Retype the listing below line for line, but only from the line with "Urtet, Remnant of" down to the line with "Kapuzenjacke mit Logo-Print", inclusive. Pictures stay out.

***** Records shown *****

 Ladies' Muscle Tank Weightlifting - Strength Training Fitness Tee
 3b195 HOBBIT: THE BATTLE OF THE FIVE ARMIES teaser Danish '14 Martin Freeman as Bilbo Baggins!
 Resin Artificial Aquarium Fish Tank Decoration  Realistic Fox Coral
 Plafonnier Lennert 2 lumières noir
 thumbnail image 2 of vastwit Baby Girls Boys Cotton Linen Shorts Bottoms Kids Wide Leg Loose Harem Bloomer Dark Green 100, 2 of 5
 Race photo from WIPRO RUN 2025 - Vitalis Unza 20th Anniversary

*****
***** Records shown *****

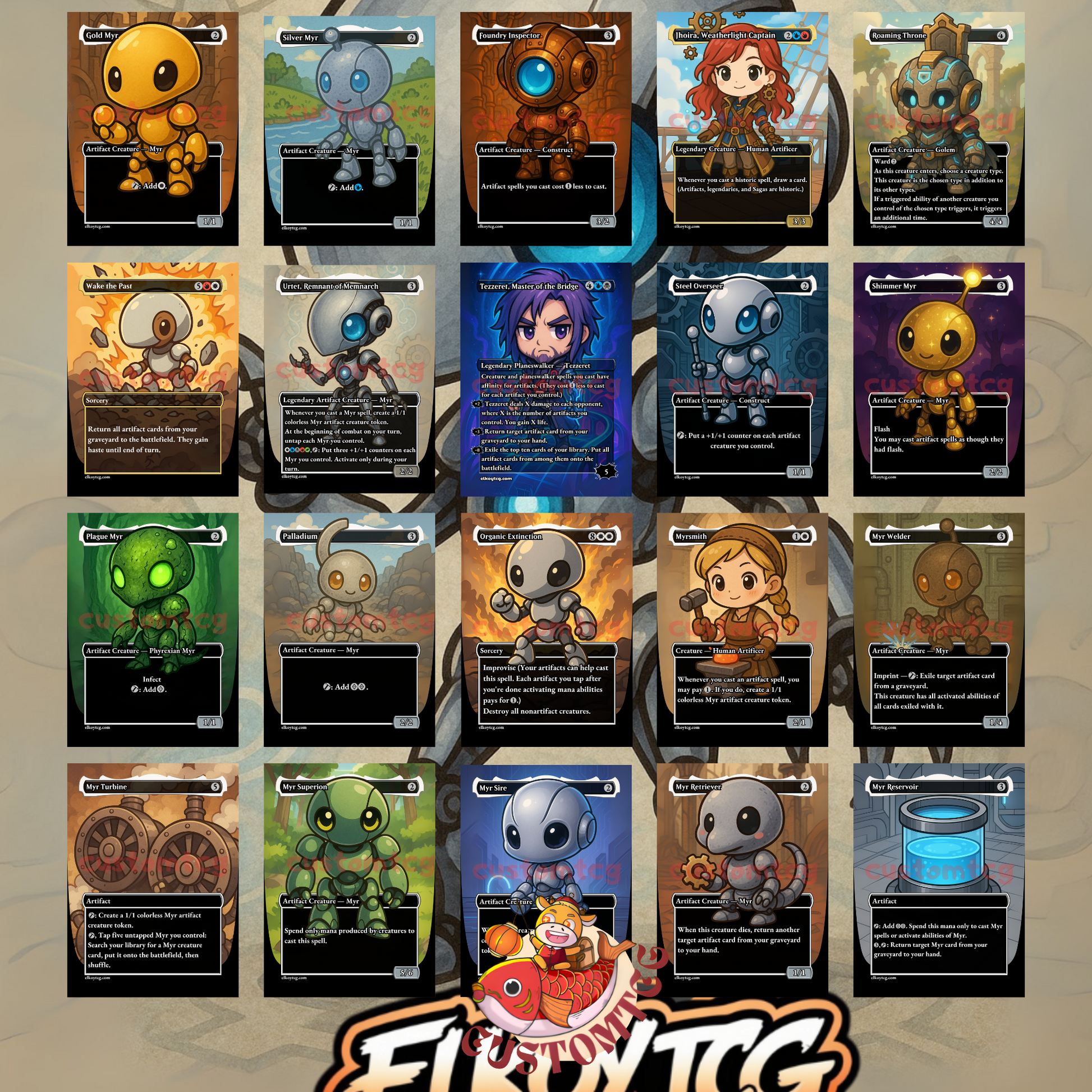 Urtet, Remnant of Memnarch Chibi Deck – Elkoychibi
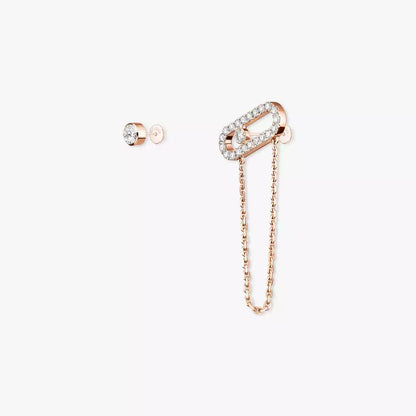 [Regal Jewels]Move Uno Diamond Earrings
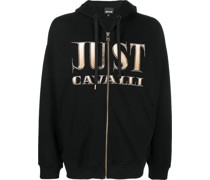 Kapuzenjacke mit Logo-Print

*****

Answer below |
 Urtet, Remnant of Memnarch Chibi Deck – Elkoychibi
 [Regal Jewels]Move Uno Diamond Earrings
 Kapuzenjacke mit Logo-Print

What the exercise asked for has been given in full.